Another legacy from Uncle Bob! Robert Martin developed these principles in the 1080s and introduced them in 2000 in his paper Design Principles and Design Patterns.
Michael Feathers coined the acronym, introducing it in 2004 in Working Effectively with Legacy Code. Even after all these years, I still struggle to remember what each letter stands for! Here is a new attempt to engrave them in my memory.
Respecting these principles is supposed to help create maintainable and scalable software. Keep in mind that they were originally conceived in the context of Object-Oriented class design.
Single-responsability Principle
A class should have only one reason to change, meaning it should have only one job or responsability, and be responsible for one role.
This helps reduce codebase complexity and limits the impact of changes. It also makes it easier to separate development work and switch tasks between independent teams.
Open-Closed Principle
A module should be open for extension but closed for modification.
— Robert Martin
Once a contract is defined, it can be extended but not changed: modifying an interface can have repercussions on the services that depend on it, so it’s better to add new features instead of changing existing ones.
For example, instead of updating the existing delete function that takes the whole object as parameter, you can create a deleteById function and mark the old delete function as deprecated. Then, ensure no service uses it before removing it.

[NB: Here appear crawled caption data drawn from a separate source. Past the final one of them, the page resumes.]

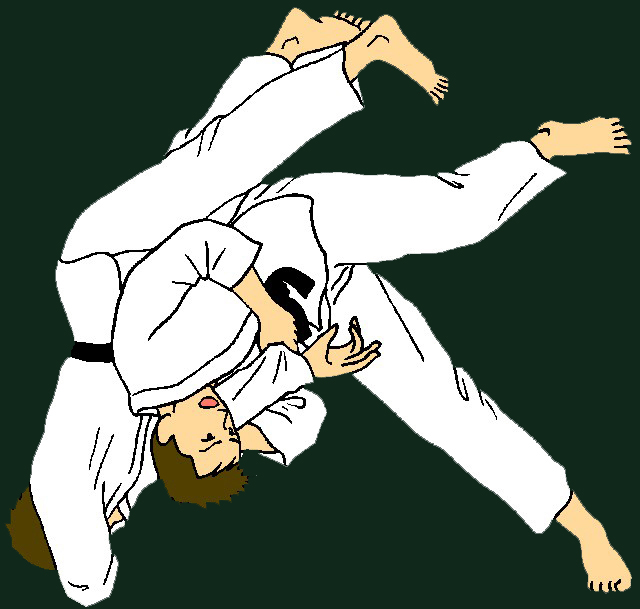 Custom Judo Medals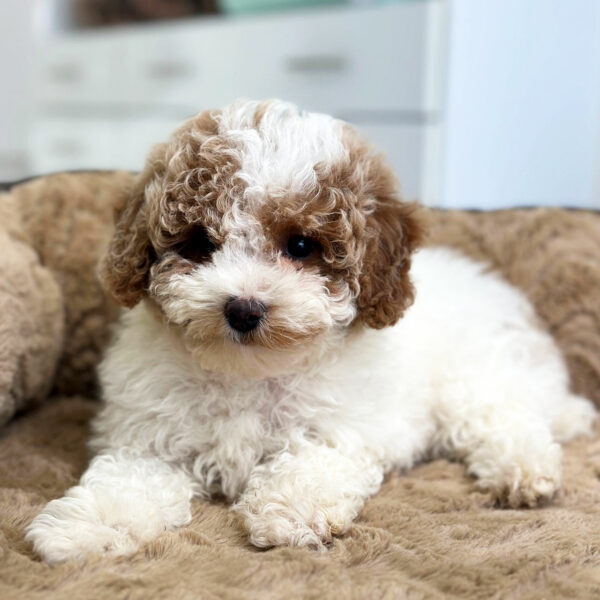 Adorable Puppies for Sale Near Me - PuppiesToGoInc.com, Puppy for sale near me, puppies for sale, dog for sale, dogs for sale, dog for sale near me, pet for sale, dogs for sale cheap, cheap puppies for sale near me, forever love puppies, cheap puppies for sale, cute puppies for sale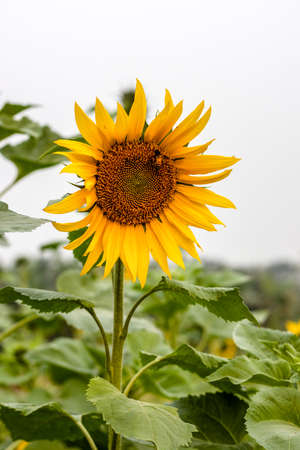 Beautiful sunflower with green leaves in the gardenの写真素材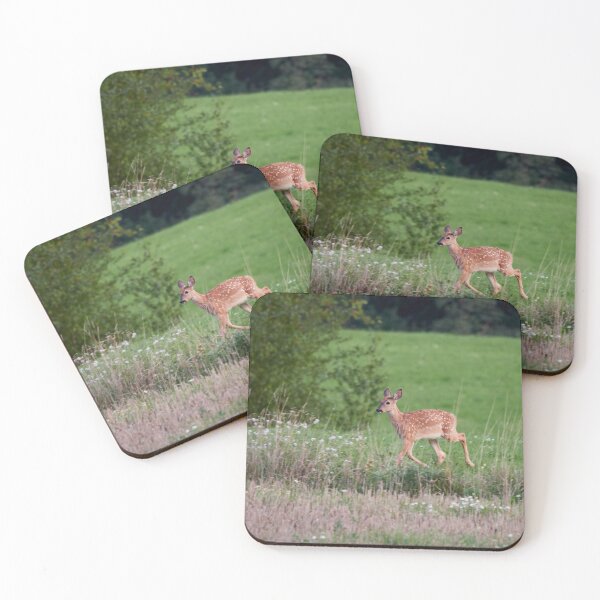 Item preview, Bambies have 4 legs. White-tailed deer designed and sold by Jouko Lehto Photography.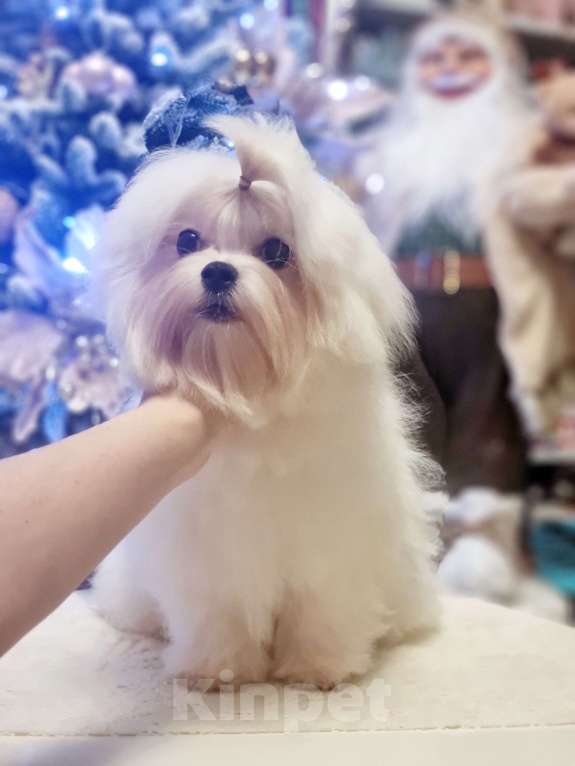 Собаки в Москве: Эксклюзивные щенки мальтезе мини и стандарт Девочка, 50 000 руб. - фото 2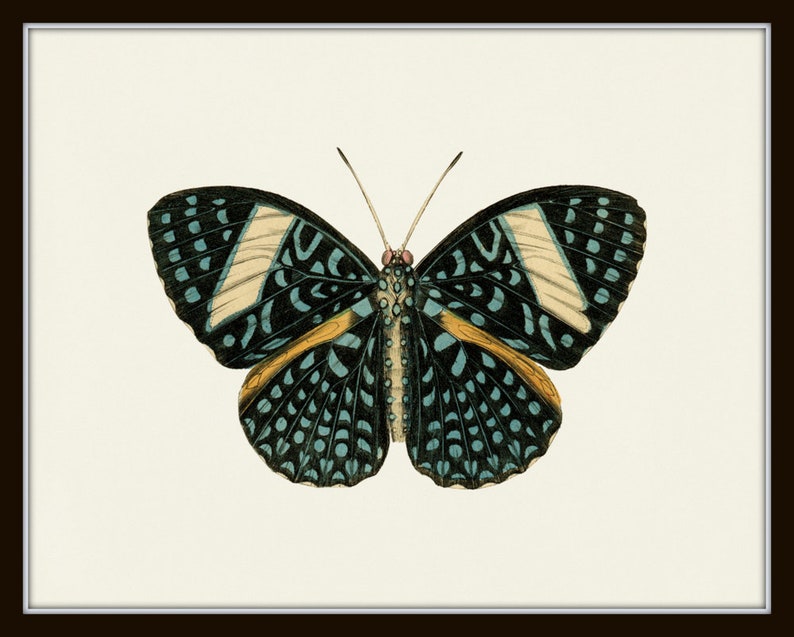 Puede incluir: Una mariposa negra y azul con marcas blancas y amarillas en sus alas. La mariposa est&aacute; sobre un fondo blanco.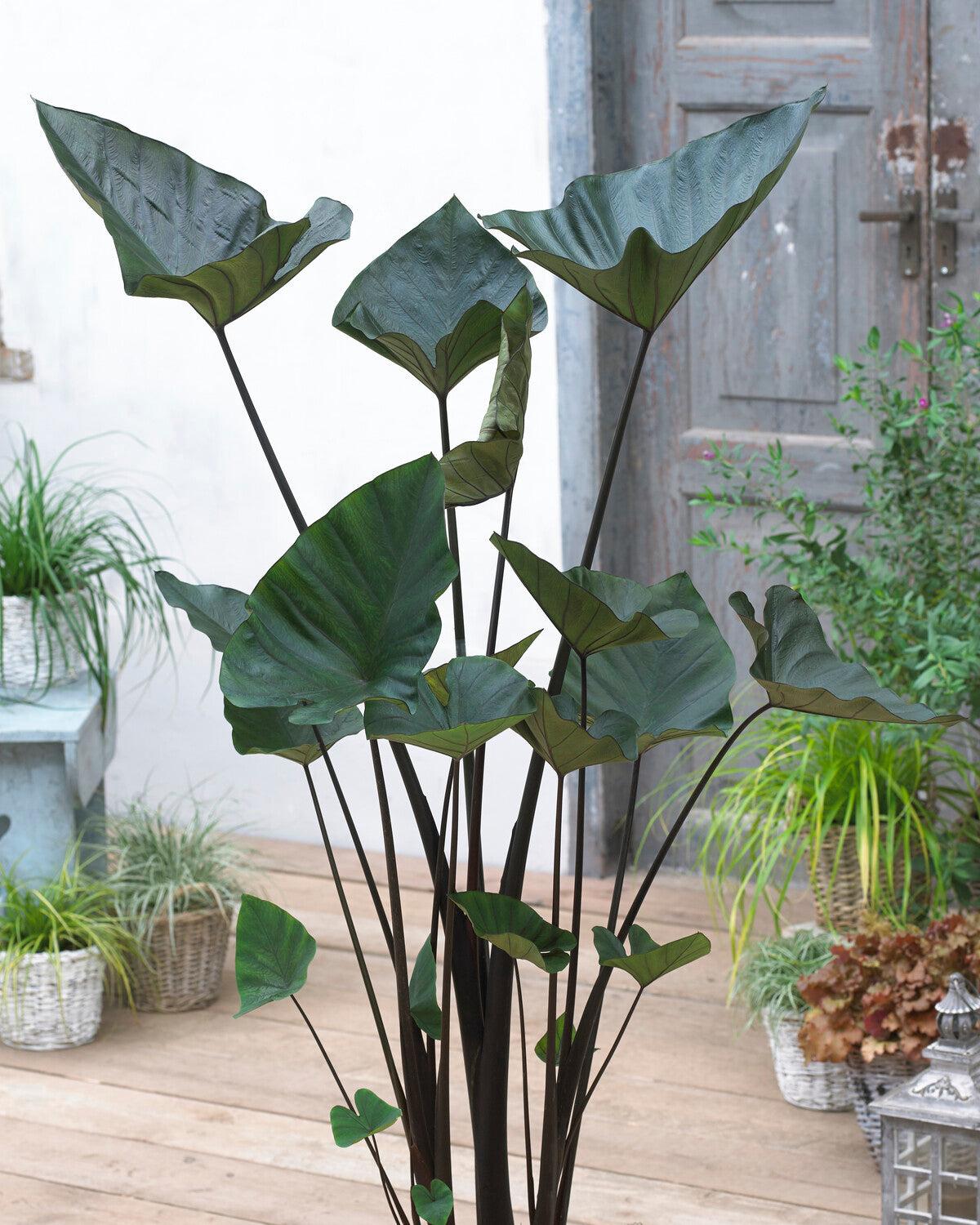 Colocasia 'tea Cup' - View 3 from www redcrocus com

Do not modify existing functions, nore parameters, nore return statements!
Liskov Substitution Principle
Subclasses should be substitutable for their base classes.
— Robert Martin
It’s an equivalence principle: two subclasses that implement the same interface should be interchangeable for their consumer.
The classic example is that Bird and Duck classes should be interchangeable for the consumer, as long as Duck is a subclass of Bird.
A more concrete example: if you have an interface between a repository and a service, the service should be able to use any repository implementing the interface without noticing the difference (eg., a production repository and a fake repository for testing).
All implementations of an interface should share the same methods and same semantics, it means, provide the same functionality.
Classes should adapt to the interface, not the interface to the class.
Subclasses should not violate the expectations set by the base class (eg. not throwing unexpected errors or changing behavior).
Interface Segregation Principle
Many client specific interfaces are better than one general purpose interface.
— Robert Martin
Clients should not be forced to depend on interfaces they do not use.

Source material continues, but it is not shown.